▶ Problem requirements: Please repeat the lines below, exactly and only, from the one that holds "1girl, pleasant, loli, solo, animal" through the one that holds "Krajsk ad Karlovarskho".
[Start of Attachment]
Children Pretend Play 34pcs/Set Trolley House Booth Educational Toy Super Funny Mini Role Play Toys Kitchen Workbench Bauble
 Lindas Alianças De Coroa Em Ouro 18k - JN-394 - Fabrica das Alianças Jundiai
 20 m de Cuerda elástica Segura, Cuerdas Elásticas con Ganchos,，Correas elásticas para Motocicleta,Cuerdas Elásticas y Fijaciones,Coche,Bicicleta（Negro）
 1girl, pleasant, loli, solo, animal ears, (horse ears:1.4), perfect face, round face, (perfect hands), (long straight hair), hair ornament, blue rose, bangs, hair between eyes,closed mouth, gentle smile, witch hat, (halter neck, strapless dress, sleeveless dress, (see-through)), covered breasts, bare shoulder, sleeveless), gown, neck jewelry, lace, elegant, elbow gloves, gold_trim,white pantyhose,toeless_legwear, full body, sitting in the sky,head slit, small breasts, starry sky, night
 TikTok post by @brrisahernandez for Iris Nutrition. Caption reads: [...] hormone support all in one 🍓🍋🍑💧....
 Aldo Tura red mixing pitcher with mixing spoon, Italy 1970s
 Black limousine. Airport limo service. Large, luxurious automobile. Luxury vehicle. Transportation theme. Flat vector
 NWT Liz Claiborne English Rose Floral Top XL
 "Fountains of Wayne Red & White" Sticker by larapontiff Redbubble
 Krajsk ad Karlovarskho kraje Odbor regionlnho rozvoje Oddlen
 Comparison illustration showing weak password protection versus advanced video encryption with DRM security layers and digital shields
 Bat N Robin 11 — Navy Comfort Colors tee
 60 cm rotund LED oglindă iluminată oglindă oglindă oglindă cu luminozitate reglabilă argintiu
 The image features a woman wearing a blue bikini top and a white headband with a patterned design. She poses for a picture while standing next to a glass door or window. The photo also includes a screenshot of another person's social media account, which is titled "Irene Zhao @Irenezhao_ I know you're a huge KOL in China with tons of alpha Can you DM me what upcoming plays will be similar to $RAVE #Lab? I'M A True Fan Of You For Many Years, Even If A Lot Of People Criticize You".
[End of Attachment]
▶ Result of the exercise:
 1girl, pleasant, loli, solo, animal ears, (horse ears:1.4), perfect face, round face, (perfect hands), (long straight hair), hair ornament, blue rose, bangs, hair between eyes,closed mouth, gentle smile, witch hat, (halter neck, strapless dress, sleeveless dress, (see-through)), covered breasts, bare shoulder, sleeveless), gown, neck jewelry, lace, elegant, elbow gloves, gold_trim,white pantyhose,toeless_legwear, full body, sitting in the sky,head slit, small breasts, starry sky, night
 TikTok post by @brrisahernandez for Iris Nutrition. Caption reads: [...] hormone support all in one 🍓🍋🍑💧....
 Aldo Tura red mixing pitcher with mixing spoon, Italy 1970s
 Black limousine. Airport limo service. Large, luxurious automobile. Luxury vehicle. Transportation theme. Flat vector
 NWT Liz Claiborne English Rose Floral Top XL
 "Fountains of Wayne Red & White" Sticker by larapontiff Redbubble
 Krajsk ad Karlovarskho kraje Odbor regionlnho rozvoje Oddlen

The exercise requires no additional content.